If there is an $n\times n$ grid, and an infinite number of each of $k$ different colored balls, what is the expected number of the $2n(n-1)$ inner grid lines to have a ball of the same color on either side of the line, given that any color is equally likely to be picked for a cell?
For example, R|G is not a match, B|B is.

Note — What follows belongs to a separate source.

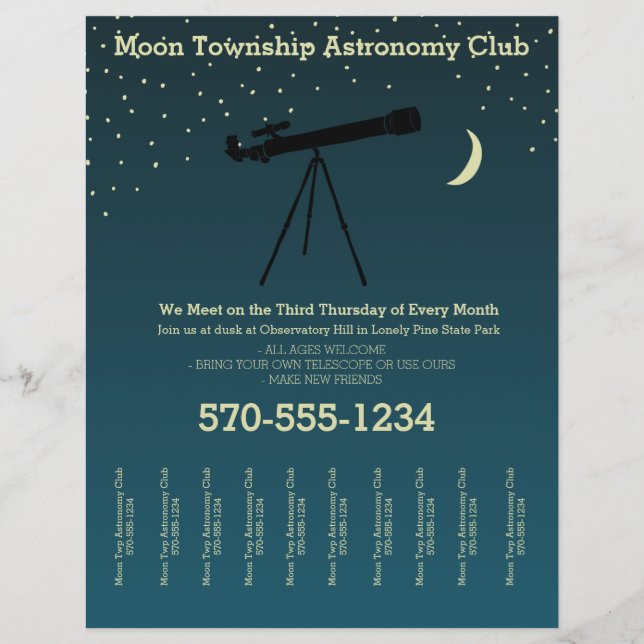 Flyer Telescópio do Clube Astronômico e Estrelas Rasgam  (Frente)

Same for vertical adjacency.
I guessed at $\frac{2n(n-1)}{k}$ as the probability of a match is $\frac1k$. Is this right?
Enumerate the $2n(n-1)$ inner grid lines and, for $1 \leq i \leq 2n(n-1)$, let $A_i$ denote the event that the color of the two balls adjacent the $i$th grid line have the same color.

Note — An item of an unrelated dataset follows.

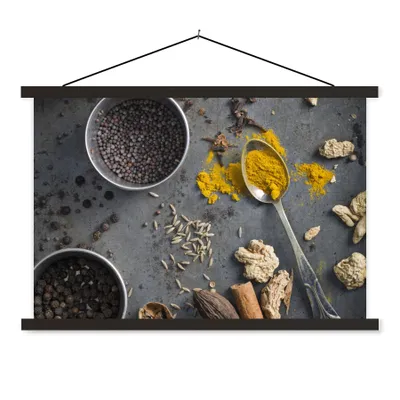 Produktbild von MuchoWow® Textilposter Kräuter auf grauem Hintergrund 150x100 cm mit schwarzem Rahmen - Schlafzimmer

Then the total number of inner grid lines to have a ball of the same color on either side of the line is given by the sum of indicator functions, $$\sum_{i=1}^{2n(n-1)} \mathbf{1}_{A_i},$$ and we want to find the expected value of this: $$\mathbb{E}\left[\sum_{i=1}^{2n(n-1)} \mathbf{1}_{A_i}\right] = \sum_{i=1}^{2n(n-1)} \mathbb{E}\left[\mathbf{1}_{A_i}\right] = \sum_{i=1}^{2n(n-1)} \mathbb{P}\left[A_i\right].$$
At this point, under the assumption that every ball is equally likely to be one of $k$ colors and any two adjacent balls' colors are independent, we have $\mathbb{P}[A_i] = 1/k$ for any $i$.
Putting this into the above sum gives $$\sum_{i=1}^{2n(n-1)}\frac{1}{k} = \frac{2n(n-1)}{k}$$ as you had guessed.